>>>>>
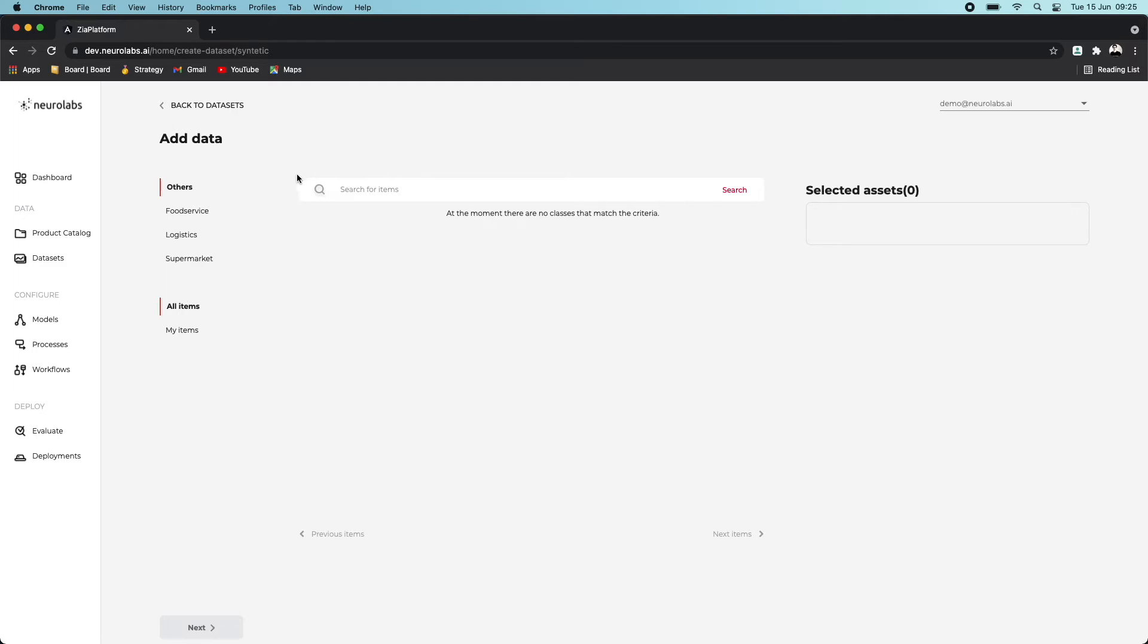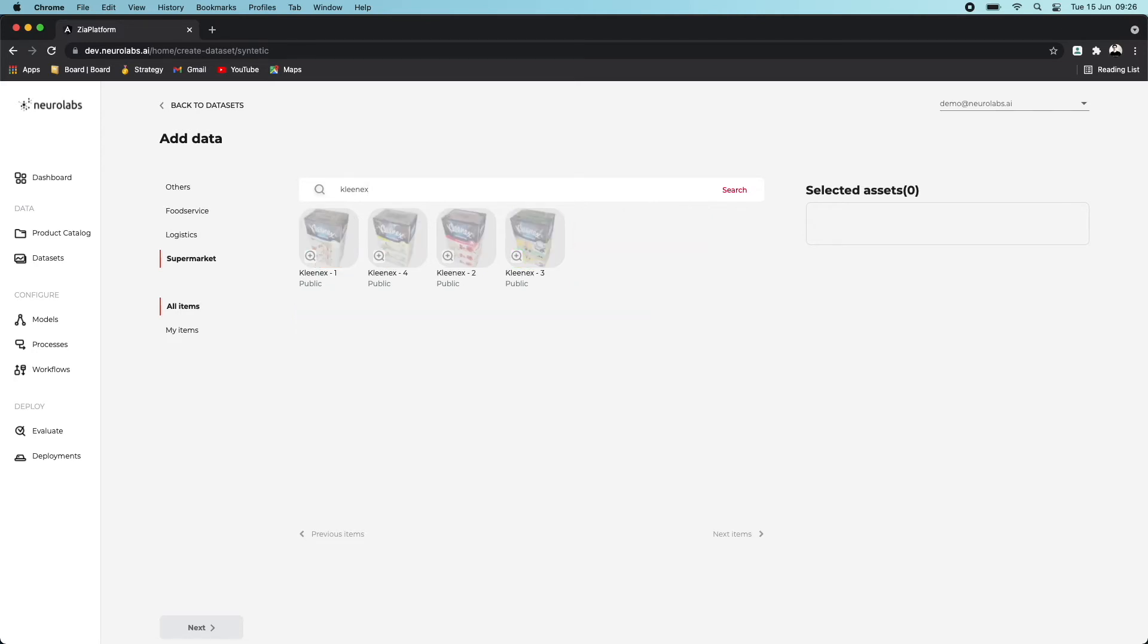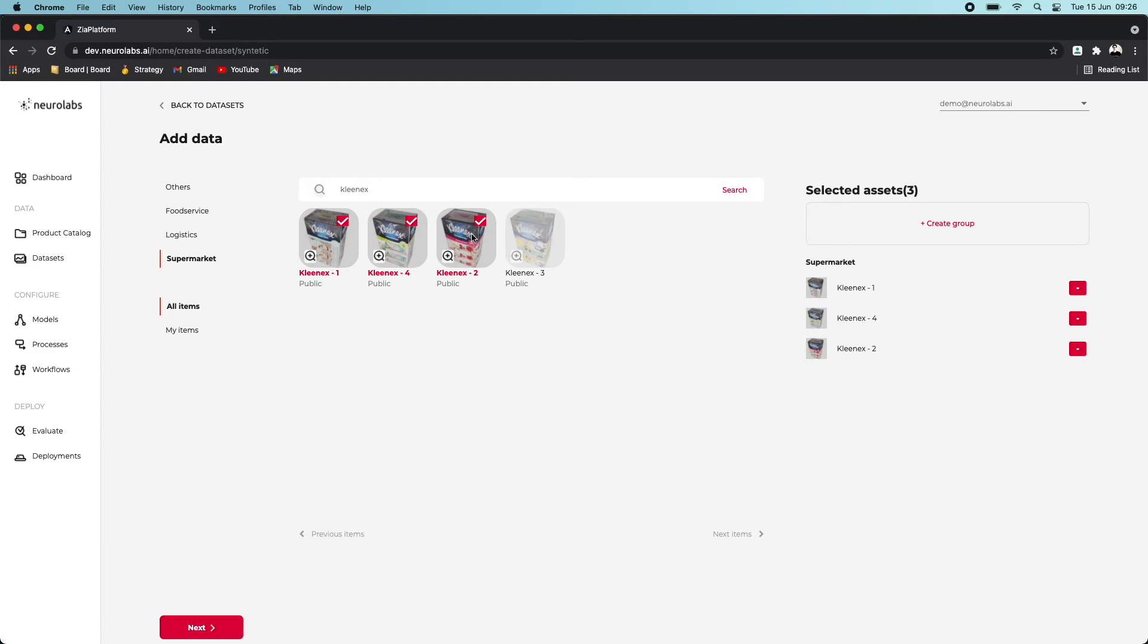Choose the product catalog you wish to use synthetically generated 3D assets from. Here I've chosen the supermarket product catalog, and I'm going to use a specific product synthetic copy or 3D asset. You can easily search for a particular 3D asset using the search bar. In this case, I'm going to use a synthetically generated version of a packet of Kleenex tissues. Once you've found the products you are looking for, you simply select the ones that you want to use and then click the Next button.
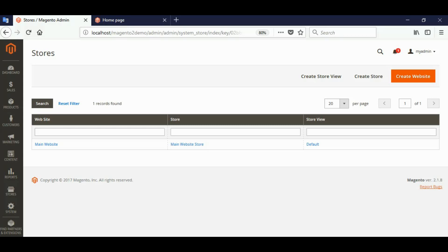Hello guys, welcome to my channel. In this video we will learn how to create a multi-language store in Magento 2. We will create two stores: one for English and one for French language.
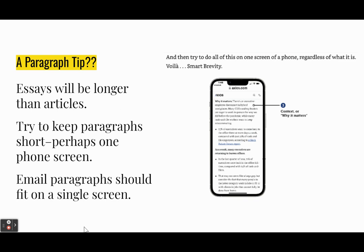Essays are going to be longer than the articles they're talking about. He argues that paragraphs should be kept short — perhaps to one phone screen. I'm not asking you to write on a phone, but I am asking you to have paragraphs and to keep them short enough so that everything is readable and digestible. I think the phone screen per paragraph works pretty well. If you take a business communication class, they'll tell you that email paragraphs should fit on a single computer screen.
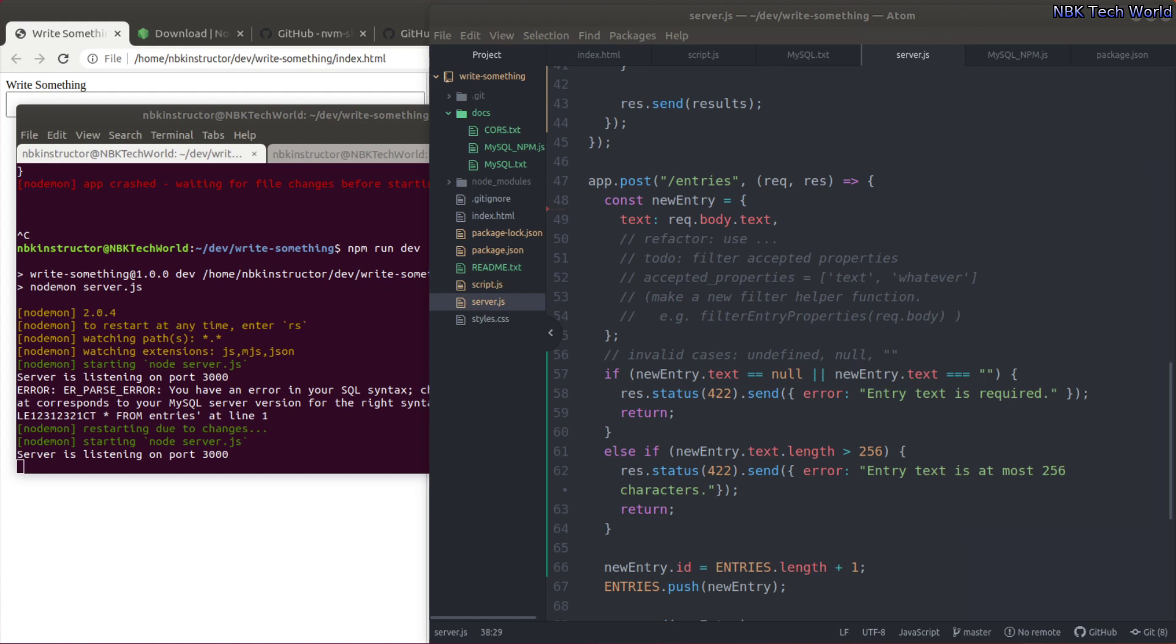Welcome to another lesson. We are going to implement the route to create a new entry using MySQL. Let's get started.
<<<<<
## YOUR TASK
Reproduce the opening lines of the material above exactly, ending with the line that contains "Hello guys, welcome". Omit every picture.

## OUTPUT FOR THIS TASK
Choose the product catalog you wish to use synthetically generated 3D assets from. Here I've chosen the supermarket product catalog, and I'm going to use a specific product synthetic copy or 3D asset. You can easily search for a particular 3D asset using the search bar. In this case, I'm going to use a synthetically generated version of a packet of Kleenex tissues. Once you've found the products you are looking for, you simply select the ones that you want to use and then click the Next button.
Hello guys, welcome to my channel. In this video we will learn how to create a multi-language store in Magento 2. We will create two stores: one for English and one for French language.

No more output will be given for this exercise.